Outra noite mal dormida, acordo sempre com sede ou com imenso calor. Foi a primeira vez de manhã que não me apeteceu pedalar. Este sentimento foi-se sentindo ao longo do dia à medida que os quilómetros avançavam.
Cheira a Alentejo, é inconfundível o cheiro desta região. As longas retas vão ficando para trás, mas alimentam-se de um cansaço e corroem todos os músculos. “Destilo” alcatrão. Estou numa fase que nem sei o que me apetece, exceto ver Faro. Apresenta-se à minha frente a serra do Caldeirão. Entro em terras algarvias e a placa com a indicação Faro começa a surgir com frequência. É um sobe e desce constante até ao Ameixial, local onde paro para me obrigar a comer algo. Na casa de pasto, a velhota atrás do balcão afiança-me que para lá de S.Brás de Alportel seria mais fácil e sempre a descer. Foram sábias as palavras desta anciã. Às portas da cidade paro para colocar as coordenadas da caixa com o carimbo do ponto mais a sul de Portugal.
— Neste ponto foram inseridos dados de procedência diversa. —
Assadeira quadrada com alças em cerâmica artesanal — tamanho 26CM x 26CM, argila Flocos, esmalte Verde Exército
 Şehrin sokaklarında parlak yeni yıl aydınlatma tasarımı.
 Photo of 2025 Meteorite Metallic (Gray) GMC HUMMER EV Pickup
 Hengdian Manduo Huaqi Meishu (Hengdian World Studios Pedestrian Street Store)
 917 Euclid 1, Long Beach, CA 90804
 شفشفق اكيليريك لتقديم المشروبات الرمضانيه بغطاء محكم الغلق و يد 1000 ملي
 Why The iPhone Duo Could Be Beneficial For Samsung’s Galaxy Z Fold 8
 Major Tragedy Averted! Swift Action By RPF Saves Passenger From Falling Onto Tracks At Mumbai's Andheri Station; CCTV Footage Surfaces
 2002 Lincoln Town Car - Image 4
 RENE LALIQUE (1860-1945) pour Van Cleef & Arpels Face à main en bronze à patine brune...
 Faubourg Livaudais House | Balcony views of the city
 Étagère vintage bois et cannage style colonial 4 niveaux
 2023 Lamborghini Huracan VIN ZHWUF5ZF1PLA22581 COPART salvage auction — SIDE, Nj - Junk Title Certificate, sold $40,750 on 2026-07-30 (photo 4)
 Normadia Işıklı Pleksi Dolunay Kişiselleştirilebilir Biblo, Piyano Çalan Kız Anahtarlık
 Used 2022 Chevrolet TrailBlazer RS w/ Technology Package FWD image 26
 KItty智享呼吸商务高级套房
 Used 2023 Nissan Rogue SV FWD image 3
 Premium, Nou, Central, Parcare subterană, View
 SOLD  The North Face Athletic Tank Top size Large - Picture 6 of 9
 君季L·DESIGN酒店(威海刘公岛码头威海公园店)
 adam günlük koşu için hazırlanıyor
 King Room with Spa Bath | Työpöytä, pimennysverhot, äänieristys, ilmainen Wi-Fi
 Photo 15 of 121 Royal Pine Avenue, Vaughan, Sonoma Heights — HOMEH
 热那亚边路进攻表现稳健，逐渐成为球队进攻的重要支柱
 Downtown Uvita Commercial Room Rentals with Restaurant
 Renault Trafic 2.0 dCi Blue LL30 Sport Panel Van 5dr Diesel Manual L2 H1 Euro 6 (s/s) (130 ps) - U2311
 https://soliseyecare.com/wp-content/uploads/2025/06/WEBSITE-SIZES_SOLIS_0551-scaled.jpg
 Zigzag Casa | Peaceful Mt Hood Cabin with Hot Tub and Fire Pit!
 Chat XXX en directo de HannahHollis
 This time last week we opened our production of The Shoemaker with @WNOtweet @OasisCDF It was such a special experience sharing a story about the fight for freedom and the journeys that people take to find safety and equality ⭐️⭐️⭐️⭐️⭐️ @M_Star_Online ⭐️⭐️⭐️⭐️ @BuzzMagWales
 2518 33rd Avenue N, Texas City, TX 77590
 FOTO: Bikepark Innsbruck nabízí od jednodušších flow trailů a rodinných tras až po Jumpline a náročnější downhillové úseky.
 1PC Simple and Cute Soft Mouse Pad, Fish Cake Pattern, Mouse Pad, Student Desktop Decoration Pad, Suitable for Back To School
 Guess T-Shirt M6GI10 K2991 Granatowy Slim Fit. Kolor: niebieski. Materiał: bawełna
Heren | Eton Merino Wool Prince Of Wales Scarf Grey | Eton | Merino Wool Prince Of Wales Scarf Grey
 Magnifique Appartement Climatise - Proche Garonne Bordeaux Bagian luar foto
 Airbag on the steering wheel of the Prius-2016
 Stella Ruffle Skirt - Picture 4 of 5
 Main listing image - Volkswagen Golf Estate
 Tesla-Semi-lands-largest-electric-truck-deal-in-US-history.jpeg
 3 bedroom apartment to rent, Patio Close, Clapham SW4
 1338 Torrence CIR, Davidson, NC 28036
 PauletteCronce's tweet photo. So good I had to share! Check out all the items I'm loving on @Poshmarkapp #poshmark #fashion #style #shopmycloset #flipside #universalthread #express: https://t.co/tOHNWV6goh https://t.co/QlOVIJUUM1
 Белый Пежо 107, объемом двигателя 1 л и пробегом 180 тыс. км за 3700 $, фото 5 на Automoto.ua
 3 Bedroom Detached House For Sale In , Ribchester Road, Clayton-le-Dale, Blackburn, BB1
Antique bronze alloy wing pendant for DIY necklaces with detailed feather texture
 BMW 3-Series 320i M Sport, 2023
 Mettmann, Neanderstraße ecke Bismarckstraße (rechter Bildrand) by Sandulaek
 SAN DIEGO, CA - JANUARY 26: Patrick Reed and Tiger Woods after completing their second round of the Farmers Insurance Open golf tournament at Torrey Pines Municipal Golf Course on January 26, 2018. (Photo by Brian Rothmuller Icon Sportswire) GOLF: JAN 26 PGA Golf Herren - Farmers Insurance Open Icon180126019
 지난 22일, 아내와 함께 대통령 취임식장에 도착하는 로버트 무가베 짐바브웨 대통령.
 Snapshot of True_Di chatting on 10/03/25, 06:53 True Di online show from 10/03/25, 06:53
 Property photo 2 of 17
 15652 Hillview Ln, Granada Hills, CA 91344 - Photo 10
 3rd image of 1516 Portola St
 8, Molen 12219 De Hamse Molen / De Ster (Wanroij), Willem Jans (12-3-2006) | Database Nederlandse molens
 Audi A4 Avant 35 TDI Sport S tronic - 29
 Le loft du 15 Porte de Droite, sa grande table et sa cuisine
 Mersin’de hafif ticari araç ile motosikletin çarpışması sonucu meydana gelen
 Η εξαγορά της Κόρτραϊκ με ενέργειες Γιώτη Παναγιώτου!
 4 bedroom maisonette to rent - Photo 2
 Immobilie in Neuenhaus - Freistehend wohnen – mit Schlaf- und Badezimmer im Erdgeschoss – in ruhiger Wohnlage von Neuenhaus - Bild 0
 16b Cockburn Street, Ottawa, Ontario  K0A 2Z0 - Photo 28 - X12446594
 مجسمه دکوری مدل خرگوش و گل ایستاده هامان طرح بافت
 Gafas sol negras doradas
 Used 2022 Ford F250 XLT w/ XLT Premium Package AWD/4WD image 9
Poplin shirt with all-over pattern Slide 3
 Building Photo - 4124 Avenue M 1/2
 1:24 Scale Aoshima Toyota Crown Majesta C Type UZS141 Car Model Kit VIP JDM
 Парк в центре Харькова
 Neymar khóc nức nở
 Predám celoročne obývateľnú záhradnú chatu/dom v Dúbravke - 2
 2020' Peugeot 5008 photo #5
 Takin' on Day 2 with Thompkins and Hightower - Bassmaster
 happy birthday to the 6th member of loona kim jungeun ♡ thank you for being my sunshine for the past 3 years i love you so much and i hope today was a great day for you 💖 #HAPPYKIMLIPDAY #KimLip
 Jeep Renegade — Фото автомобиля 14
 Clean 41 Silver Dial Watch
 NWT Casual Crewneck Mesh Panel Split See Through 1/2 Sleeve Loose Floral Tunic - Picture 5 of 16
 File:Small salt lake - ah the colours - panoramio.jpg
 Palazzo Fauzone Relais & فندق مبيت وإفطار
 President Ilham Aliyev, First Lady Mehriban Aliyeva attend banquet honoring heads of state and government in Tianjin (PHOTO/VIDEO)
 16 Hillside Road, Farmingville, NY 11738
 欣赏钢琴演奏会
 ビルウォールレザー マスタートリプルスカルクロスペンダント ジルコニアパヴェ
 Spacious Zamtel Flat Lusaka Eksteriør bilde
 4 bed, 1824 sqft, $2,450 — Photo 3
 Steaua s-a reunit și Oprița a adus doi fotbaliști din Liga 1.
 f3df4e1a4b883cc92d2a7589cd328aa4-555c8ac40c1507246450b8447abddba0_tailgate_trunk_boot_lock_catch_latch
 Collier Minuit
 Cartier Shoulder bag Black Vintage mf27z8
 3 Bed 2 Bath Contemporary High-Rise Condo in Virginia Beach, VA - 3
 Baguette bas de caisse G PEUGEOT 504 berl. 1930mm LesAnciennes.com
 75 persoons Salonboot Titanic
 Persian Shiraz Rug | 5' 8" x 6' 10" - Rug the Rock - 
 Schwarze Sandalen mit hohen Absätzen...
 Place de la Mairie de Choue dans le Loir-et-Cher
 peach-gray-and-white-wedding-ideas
São 16h10, é tarde para tudo o que preciso fazer. Os olhos esbugalham-se ao perceber que faltam 20 kms (ida e volta) até à ilha de Faro. A minha prioridade mudou. Não quero perder o Intercidades das 17h56. Sobre os longínquos passadiços de madeira, a ser perseguido por cães, vou vendo passar as casas dos pescadores. Chego às dunas e caminho. Danado de pressa, vou olhando o relógio para sentir a pressão. Não posso abrandar. Não posso perder o comboio. Encontrar o que se procura nem sempre é imediato e em boa altura recebo ajuda por telemóvel do Carlos Sousa para localizar a caixa. Com a velocidade que atingi na N125, ganho 20min de folga e aguardo, ofegante, suado…. Estava tranquilo na plataforma a aguardar juntamente com o aglomerado de passageiros que se regista aquela hora. Entretanto, na linha 1 chega o comboio regional. Este mantém-se parado durante algum tempo quando faltam 4 min para a partida do rápido (penso que deve estar atrasado). Nos altifalantes, uma voz ecoa pela estação “vai sair da linha nº6 o comboio IC …”. Saio em sprint, os cleats martelam o pavimento (na cabeça saltitam pensamentos como: será que depois de tanto esforço vou ficar em terra de forma inglória?!). Alcanço o revisor que se mantém de vigia à espera de distraídos.
 Ele pergunta - “Vem mais alguém?” Nas situações limite, é a vontade que tudo supera. Sigo para casa.


1 comentário:

Mário Monteiro disse...

Boas meu caro amigo, só hoje vi o teu blog. Como o tempo passa. Foi fantástico conhecer-te. Forte abraço.